*** Study material ***
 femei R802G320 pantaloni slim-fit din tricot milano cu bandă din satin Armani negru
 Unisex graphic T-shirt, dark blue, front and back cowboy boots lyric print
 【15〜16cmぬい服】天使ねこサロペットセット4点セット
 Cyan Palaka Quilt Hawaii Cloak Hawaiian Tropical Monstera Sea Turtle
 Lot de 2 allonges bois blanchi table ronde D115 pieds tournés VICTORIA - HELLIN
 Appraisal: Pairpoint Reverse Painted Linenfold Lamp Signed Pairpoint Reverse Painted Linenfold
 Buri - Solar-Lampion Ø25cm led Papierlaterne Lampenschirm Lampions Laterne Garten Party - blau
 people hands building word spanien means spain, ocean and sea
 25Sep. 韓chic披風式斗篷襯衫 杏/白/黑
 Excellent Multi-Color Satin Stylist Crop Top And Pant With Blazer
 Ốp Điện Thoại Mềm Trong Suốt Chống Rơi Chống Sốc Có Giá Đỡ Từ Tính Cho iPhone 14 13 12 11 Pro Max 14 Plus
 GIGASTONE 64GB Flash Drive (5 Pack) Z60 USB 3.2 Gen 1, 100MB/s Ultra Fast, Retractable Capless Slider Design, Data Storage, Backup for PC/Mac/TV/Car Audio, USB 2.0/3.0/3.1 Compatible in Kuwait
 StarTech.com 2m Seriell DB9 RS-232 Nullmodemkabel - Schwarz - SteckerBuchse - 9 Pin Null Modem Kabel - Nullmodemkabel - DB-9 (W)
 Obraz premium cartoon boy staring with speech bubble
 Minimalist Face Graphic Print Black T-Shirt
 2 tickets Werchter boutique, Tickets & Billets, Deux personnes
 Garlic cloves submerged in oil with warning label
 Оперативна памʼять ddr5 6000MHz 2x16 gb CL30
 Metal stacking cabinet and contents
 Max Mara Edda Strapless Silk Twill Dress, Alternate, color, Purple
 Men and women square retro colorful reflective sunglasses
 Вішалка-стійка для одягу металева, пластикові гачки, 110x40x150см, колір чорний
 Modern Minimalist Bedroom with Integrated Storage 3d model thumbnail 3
*** End of Study material ***
▶ Problem requirements:
Determine how many lines in the listing above contain the word "Storage". Provide that figure only.

▶ Written reply:
2